For those of you who have read my journal, you may be aware that I am fond of handstands. Not just typical handstands but, handstands that re-define physics. I noticed my talent for inversion at a young age. My cousin found it funny to hang me upside down, 20 feet in the air off of a banister, and swing me around until I felt the urge to vomit. As the blood rushed to my head and my little eyes focused on the beige carpet below, I knew that I had been given a special gift. This gift would allow me to invert myself like a bat and always maintain a strong focus. Over the years I honed my skills by eating a surplus of Hawaiian hot dogs and sugary foods. Knowing I had a natural talent, I forewent the desire to train for balance and instead watched many hours of “Transformers” and “Who’s the boss?” on television. When the time came I was mentally prepared. One drunken thanksgiving I raised my arms and legs thinking I wouldn’t need assistance. Quickly landing on my head my cousins rushed to my aid and lifted my portly frame. After accomplishing the feat I was saddened to realize that I myself had lost the skills that were once so important to me. I knew I had to train and at that moment decided to watch Rocky IV. If I trained using techniques made popular by Richard Simmons I may have lost all remnants of my sexuality. Thus, I decided to train as if I were about to fight an evil Russian boxer who used steroids and had a ball busting wife.

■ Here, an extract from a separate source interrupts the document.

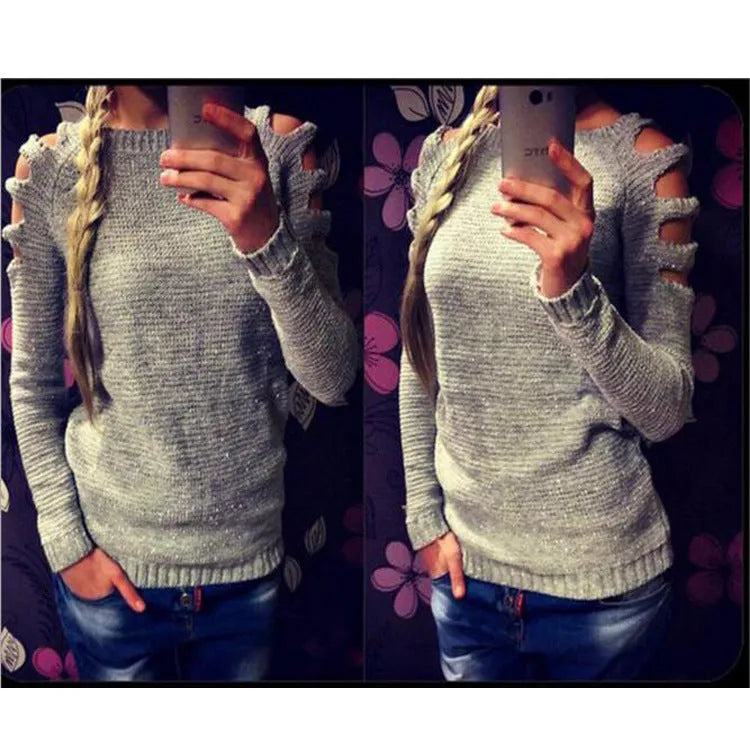 Women's grey hollow-out crochet knitted long sleeve shirt with round neck on a hanger.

As the pounds left my frame and my body began to look as if it were forged from steel I decided to re-train myself in the arts of Hand-Stand-Do. My first attempt would take place at my cottage during a family event. I put my hands on the floor and arms in a ridged position, took a deep breathe and hoisted my body in and inverted position. SUCCESS! Now that I was familiar with the basics it was time to up the ante. While bored and in the basement, I affixed a skipping rope to a ceiling fan. I then took an inner tube and tied it to the skipping rope. Once this obstacle was complete I decided that it would be fun to throw a Frisbee through the inner tube. When my uncle and cousin saw what I had created they decided that they would compete. Knowing the inner tube wasn’t challenging enough I determined that this was a good opportunity to flash my skills. I put my arms in a ridged position and hoisted myself up. Sadly my legs got tangled in the inner tube. To free my disjointed limbs I began to flail them about as if I were an 80 year old women searching for the gas pedal. This caused the skipping rope to tug on the fan. After falling on my shoulders I looked up and assessed the damage. Apparently I had not only broken a metal blade from the fan but, also caused the fan to be permanently tilted on a 60 degree angle.

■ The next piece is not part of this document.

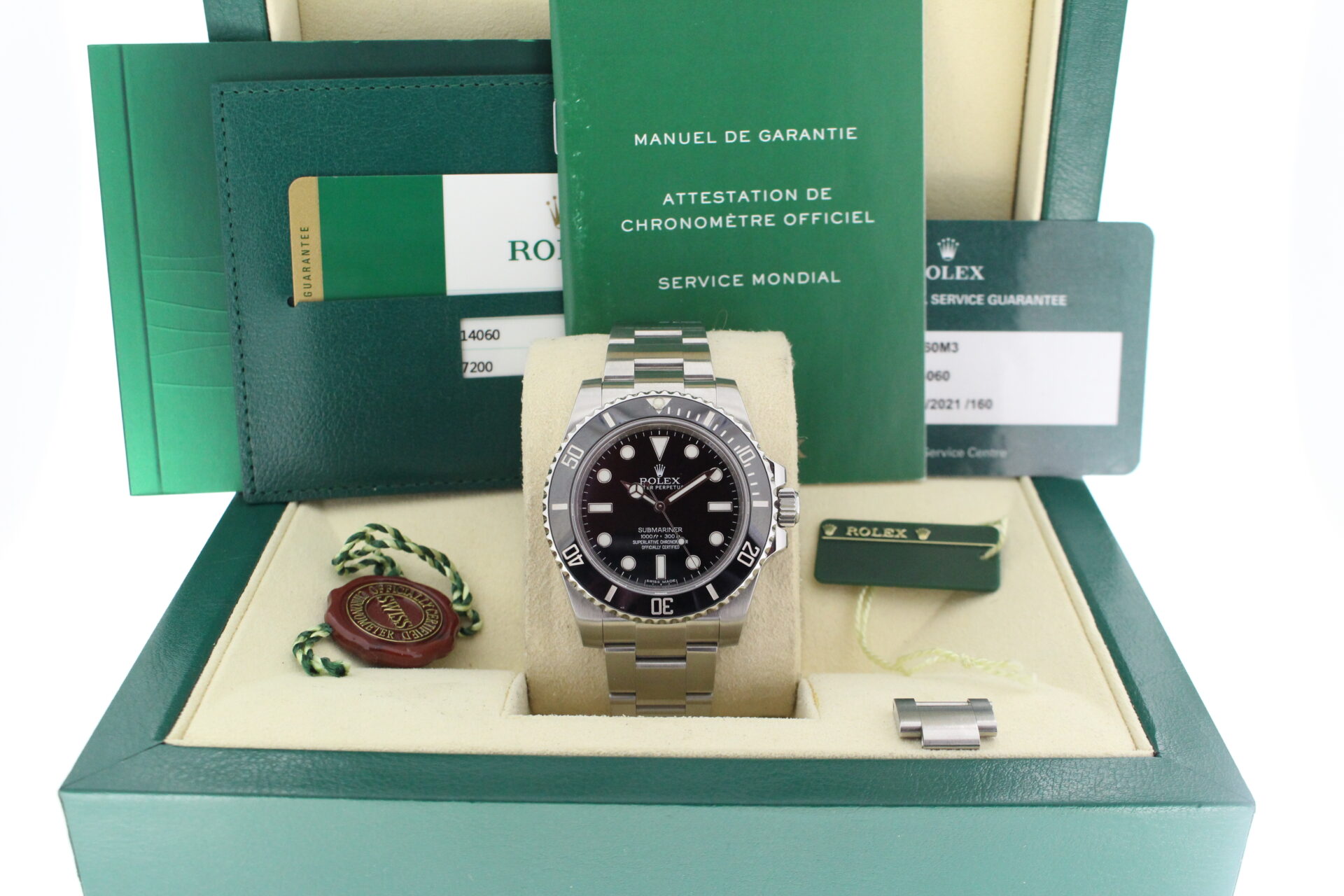 Rolex Submariner No Date 114060 in it's box with both swing tags, booklets and warranty card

Saddened by this attempt, I decided that last night was a good chance to re-acquaint myself with my love of being inverted. I began to feel a tad saucy as I listened to the new Madonna song “Hung Up”. As such, I did a few pelvic thrusts and started gesturing to a mirror. I am not sure if I was trying to proposition the mirror but, I can honestly say it really wasn’t interested in my advances. At this point I put my hands on the ground, made my arms ridged and decided to hoist myself in the air. As I heard the stolen rifts of ABBA in the background I noticed that I had gone up on a slight angle. Trying to correct myself resulted in my legs flailing and feeling a sense of panic. This was the type of panic you get when you think things like; Am I destined to die from doing a hand stand? If Lois Lane is human; wouldn’t Superman’s orgasm kill her?” Just then a loud squeal was heard throughout the house, ironically not from Madonna’s voice but, from me as I collected my body off the floor. Not only did I not feel my arm but, my index toe (the one I use for pointing and to hold my chopsticks) swelled up twice its size. Luckily I am alive however, I am a tad bruised. If you have been paying attention you will realize that the moral of this story is that inner tubes can be found cheap at Wal-mart and Madonna can be found cheap on the streets of London.
Lady Madonna, or the bitch that fucked up my toe?